Setelah mengantar anak-anak ke rumah Mbak Veni, kami segera pergi ke pesta pernikahan salah satu teman di kantor. Sesampainya di sana, kulihat semua sedang berkumpul dan berbincang-bincang.

"Pak Reno! Bu Allea!" sapa mereka.

"Apa kabar?" tanya Allea kepada karyawan yang merupakan teman kerjanya dulu.

"Baik, Bu Allea apa kabar? Kok ... makin kurusan, ya? Padahal dulu seger banget badannya," celetuk Selly yang merupakan karyawan lama di kantor.

"Bagus, dong. Nggak perlu repot diet," sahut Della.

"Iya, nih. Anak tiga, tapi badan bagus dan tetap kecil. Kasih rahasianya, dong!" timpal Anggita.

Aku membiarkan Allea mengobrol dengan teman-temannya. Mungkin saja dia rindu karena memang lama tidak pernah bertemu. Aku pun bergabung dengan teman-teman yang lain.

"Ren, itu Allea?" tanya Gideon yang merupakan sahabat baikku di kantor.

"Ya. Itu istriku. Kenapa?"

"Kok, beda, ya? Maaf, nih. Apa Allea sakit? Kenapa pucat dan badannya sangat kecil?" tanyanya.

"Nggaklah. Allea sehat-sehat aja. Emang udah perawakannya kecil," jawabku.

"Tapi dulu meski kecil nggak seperti ini. Dulu seger banget, loh. Kok, sekarang beda, ya? Maaf, Ren, bukan maksud apa-apa. Tapi emang beda aja lihat istrimu," ucap Gideon.

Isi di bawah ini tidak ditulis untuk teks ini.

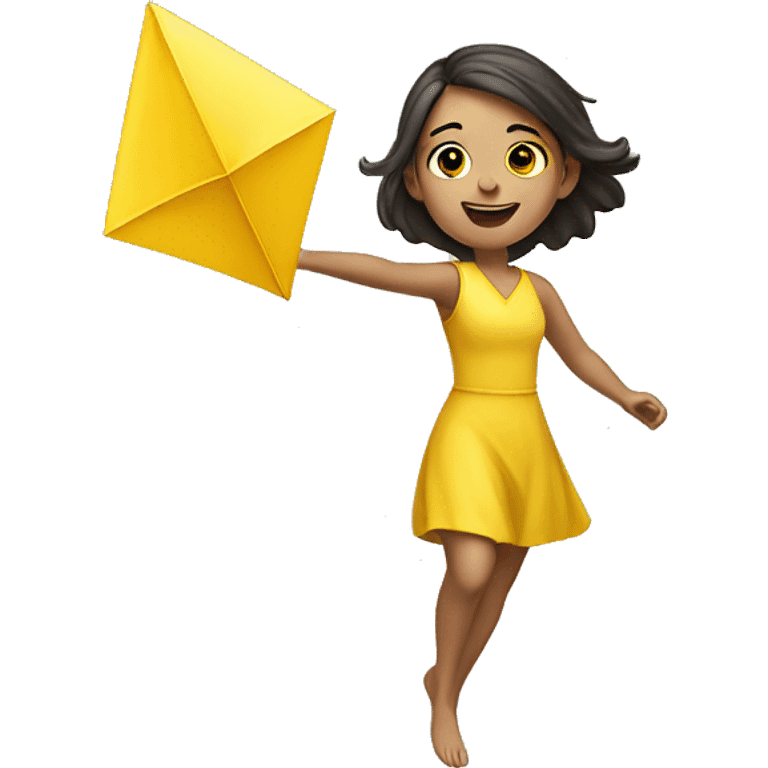 Caucasian Girl flying a yellow diamond-shaped kite emoji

"Mungkin efek kelelahan aja," kataku santai. Gideon terlalu berlebihan, menurutku.

"Kamu tetap nggak pakai pengasuh atau asisten? Allea tetap urus anak dan rumah sendiri?" tanya Gideon lagi.

"Ya. Allea mengurus semuanya sendiri. Hebat, bukan?" ucapku membanggakan Allea.

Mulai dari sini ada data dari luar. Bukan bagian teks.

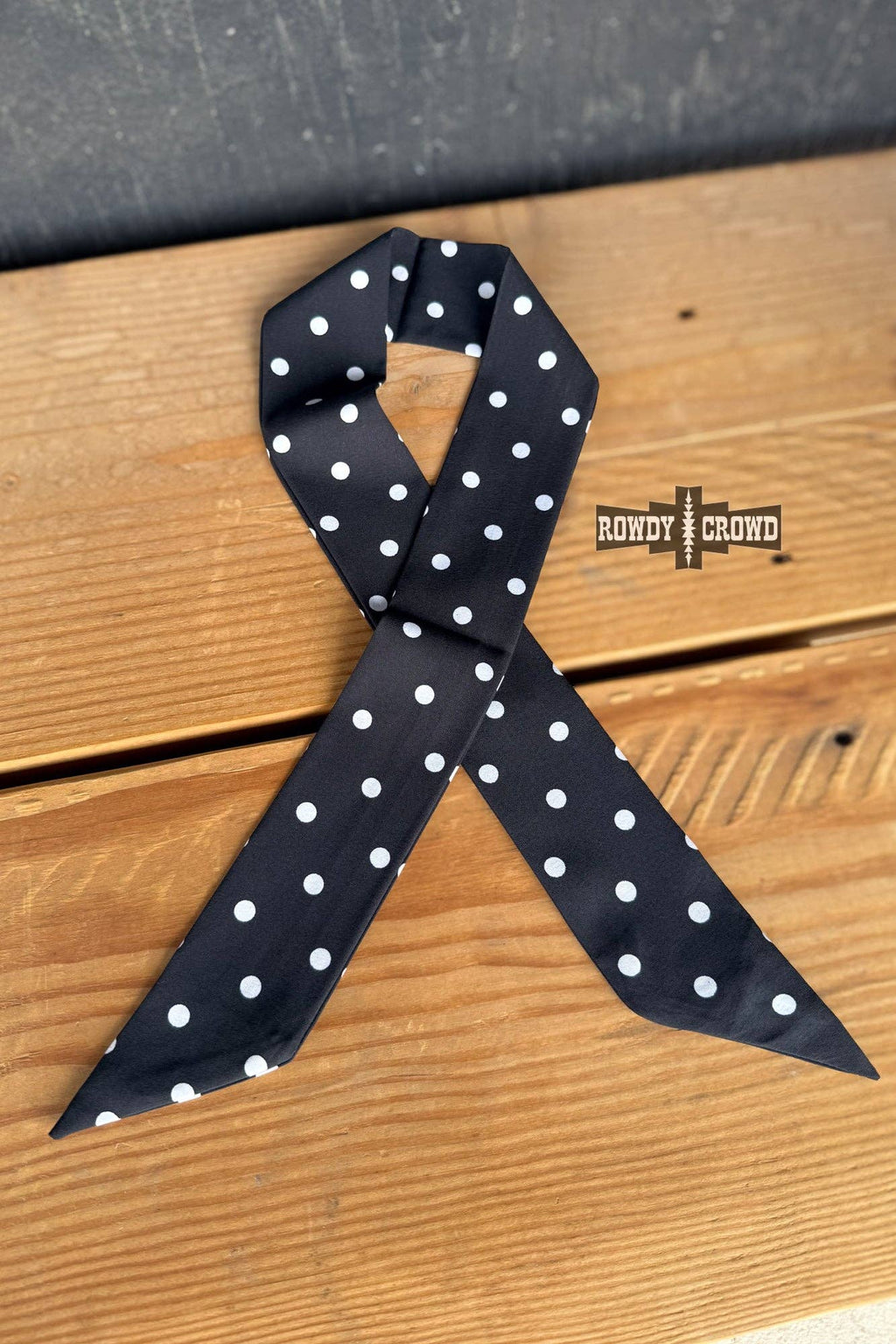 Black Dottie Twilly Scarf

Gideon tampak mengernyit dan menatapku aneh. Dia menggelengkan kepala seraya menepuk pundakku. "Ren, apa salahnya menggunakan satu asisten aja untuk Allea? Kasihan, loh, istrimu. Dia itu sangat kelelahan. Nggak mudah ngurus rumah sambil jagain tiga anak yang kecil-kecil."

"Heleh, itu memang sudah tugas istri. Nggak perlu pakai asisten segala," balasku.

Kenapa orang-orang selalu menyarankan asisten? Aku sama sekali tidak suka. Uang untuk membayar jasa mereka memang ada, tetapi aku tidak berminat menggunakan jasa asisten atau pengasuh. Biarlah Allea mengurus seorang diri. Lagi pula, dia mampu.

"Di rumahmu ada CCTV?" tanya Gideon. Entah apa maksudnya bertanya CCTV.

"Di luar rumah? Nggak ada. Untuk apa pula?" tanyaku.

"Di dalam rumah?"

"Nggak ada. Untuk apa? Di rumah cuma Allea dan anak-anak. Allea juga selalu kunci pintu. Pasti aman," jawabku.

"Bukan itu. Coba pasang kamera di dalam rumah, tepatnya di tempat Allea sering menjaga anak-anak," ucap Gideon.

Aku bingung dengan sarannya. "Untuk apa, sih?"

"Udahlah, pasang aja! Kewarasan istri itu perlu dijaga," ucap Gideon tanpa memberitahu alasan yang jelas. Kewarasan? Memangnya penampilan Allea terlihat seperti orang yang kurang waras?

"Pak Reno! Pak Reno! Bu Allea tidak sadarkan diri!"